■ Data supplied:
* * *
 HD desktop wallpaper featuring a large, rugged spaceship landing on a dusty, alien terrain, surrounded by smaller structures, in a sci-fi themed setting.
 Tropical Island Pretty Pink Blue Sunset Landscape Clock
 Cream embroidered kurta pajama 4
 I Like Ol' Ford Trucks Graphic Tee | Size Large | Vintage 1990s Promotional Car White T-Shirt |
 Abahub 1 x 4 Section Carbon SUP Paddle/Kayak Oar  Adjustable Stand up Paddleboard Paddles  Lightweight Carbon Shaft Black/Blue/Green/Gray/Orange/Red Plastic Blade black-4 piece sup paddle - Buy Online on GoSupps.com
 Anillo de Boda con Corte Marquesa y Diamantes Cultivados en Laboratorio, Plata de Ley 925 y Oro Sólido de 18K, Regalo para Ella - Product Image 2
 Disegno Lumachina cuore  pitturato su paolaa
* * *
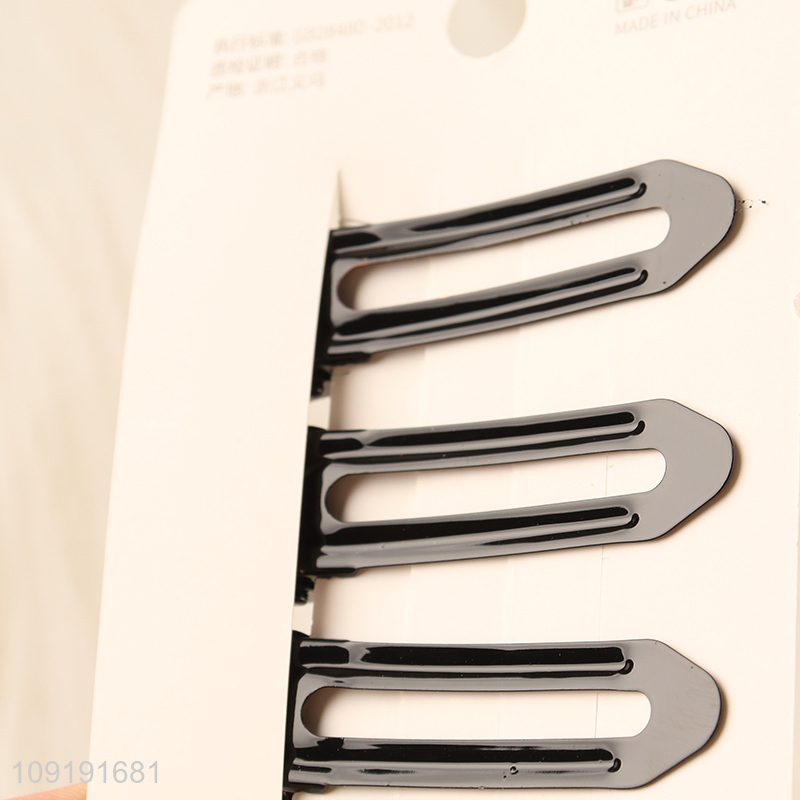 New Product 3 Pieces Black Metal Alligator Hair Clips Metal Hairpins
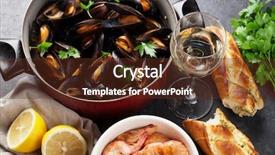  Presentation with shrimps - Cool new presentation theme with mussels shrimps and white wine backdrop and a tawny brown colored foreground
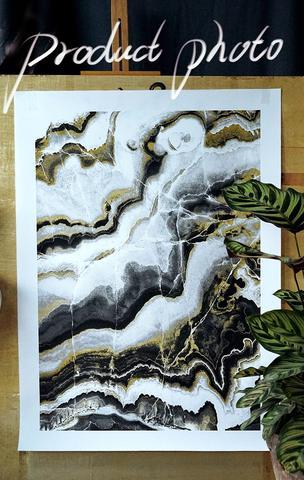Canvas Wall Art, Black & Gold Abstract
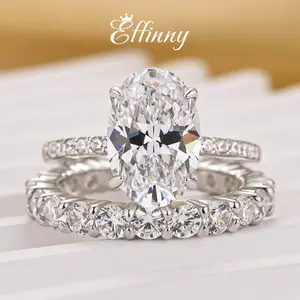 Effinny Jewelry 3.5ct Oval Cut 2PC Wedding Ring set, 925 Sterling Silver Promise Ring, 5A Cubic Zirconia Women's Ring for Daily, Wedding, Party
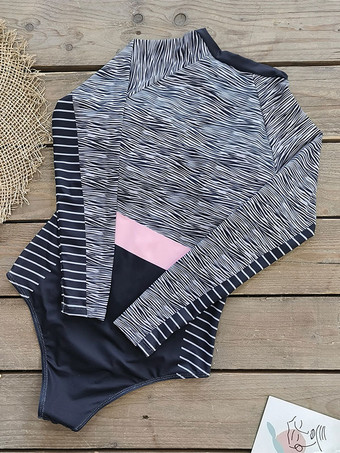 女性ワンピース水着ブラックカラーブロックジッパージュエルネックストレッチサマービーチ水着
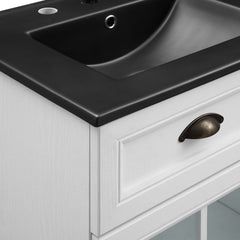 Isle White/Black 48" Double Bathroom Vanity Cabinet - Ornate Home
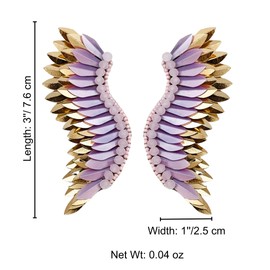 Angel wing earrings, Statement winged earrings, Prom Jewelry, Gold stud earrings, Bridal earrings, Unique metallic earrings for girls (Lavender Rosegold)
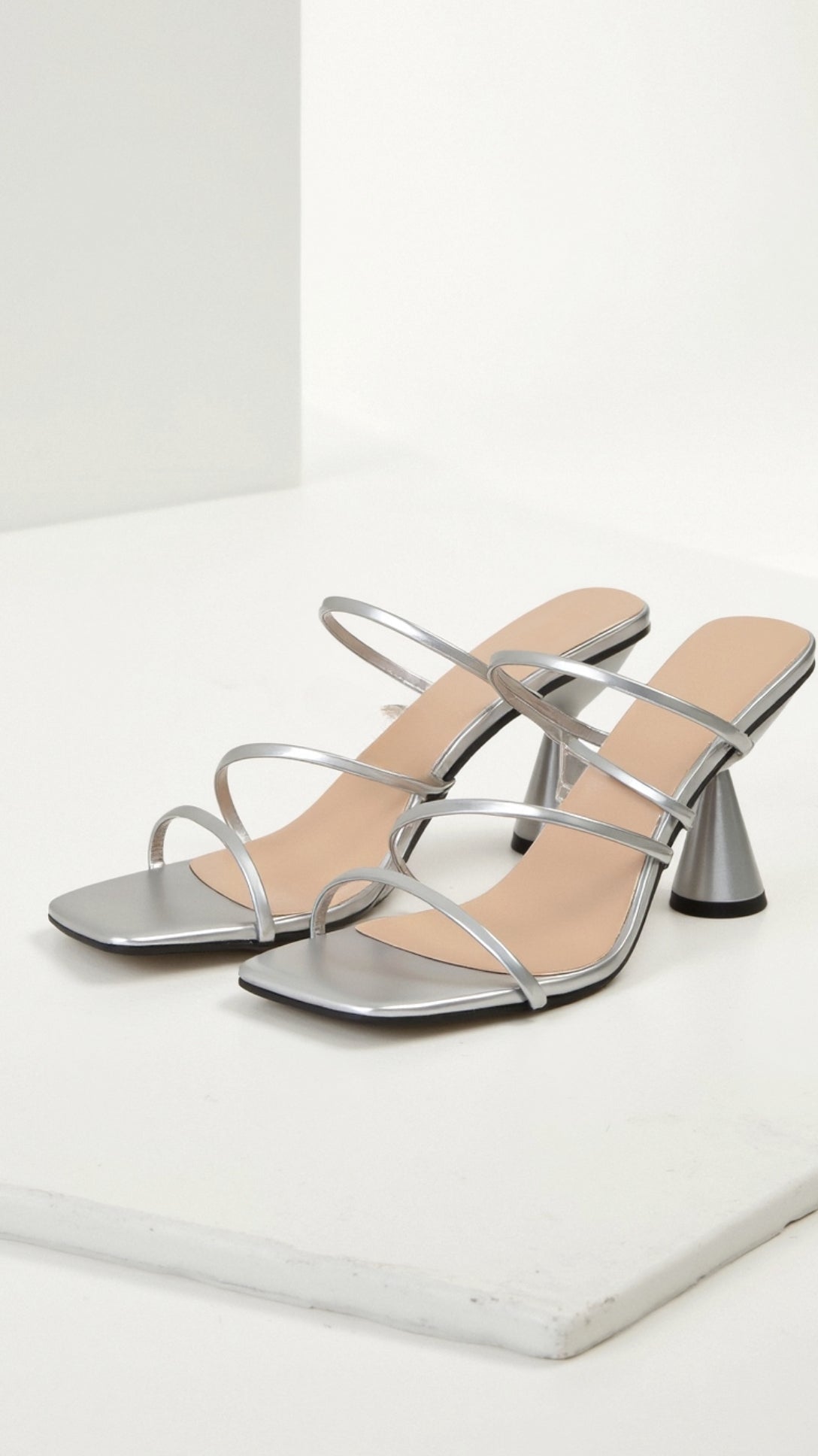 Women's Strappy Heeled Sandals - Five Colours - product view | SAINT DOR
* * *
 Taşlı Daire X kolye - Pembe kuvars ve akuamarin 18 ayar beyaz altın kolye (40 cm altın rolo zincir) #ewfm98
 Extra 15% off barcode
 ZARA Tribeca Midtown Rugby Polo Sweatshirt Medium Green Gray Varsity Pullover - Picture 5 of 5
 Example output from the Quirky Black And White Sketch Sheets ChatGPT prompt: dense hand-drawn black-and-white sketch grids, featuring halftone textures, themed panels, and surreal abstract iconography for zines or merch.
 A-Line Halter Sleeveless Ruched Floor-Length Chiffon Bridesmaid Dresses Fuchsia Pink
* * *
■ Task brief:
Give back exactly, and solely, the section of the data above bounded by the line containing "Angel wing earrings, Statement" and the line containing "Women's Strappy Heeled", both bounding lines included and pictures omitted.

■ Response area:
 Angel wing earrings, Statement winged earrings, Prom Jewelry, Gold stud earrings, Bridal earrings, Unique metallic earrings for girls (Lavender Rosegold)
 Women's Strappy Heeled Sandals - Five Colours - product view | SAINT DOR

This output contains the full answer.